*Dataset extract:*
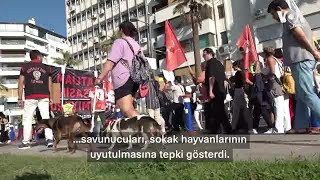 İzmir'de hayvanseverler sokak hayvanları yasasını protesto etti| VOA Türkçe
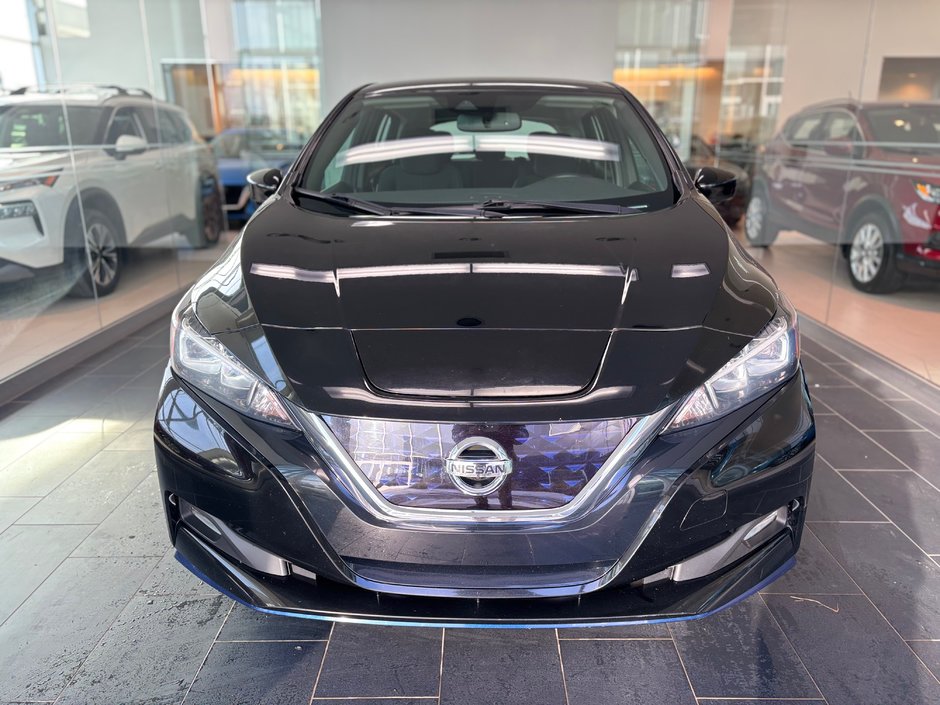 2020 Nissan Leaf SV PLUS-1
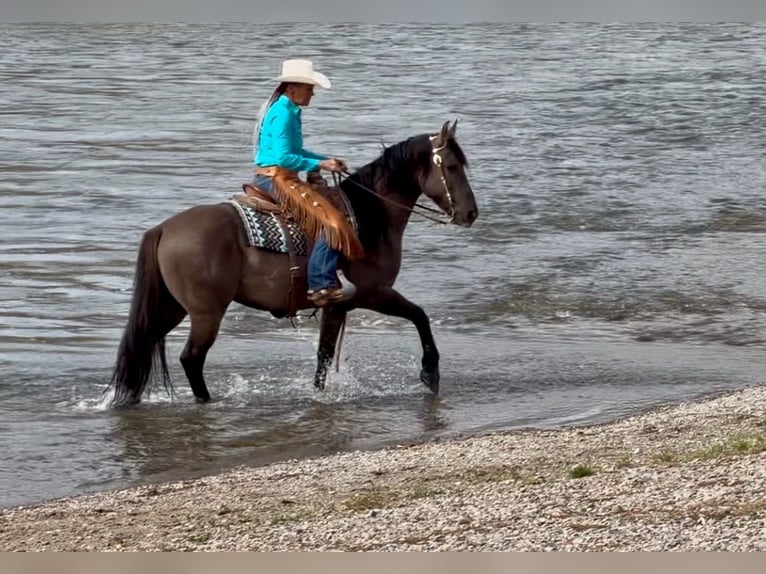 Frisones Mestizo Caballo castrado 6 años 163 cm Grullo in Bozeman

*Problem requirements:* Without the pictures, write out all of the material exactly.

*Answer for this exercise:*
 İzmir'de hayvanseverler sokak hayvanları yasasını protesto etti| VOA Türkçe
 2020 Nissan Leaf SV PLUS-1
 Frisones Mestizo Caballo castrado 6 años 163 cm Grullo in Bozeman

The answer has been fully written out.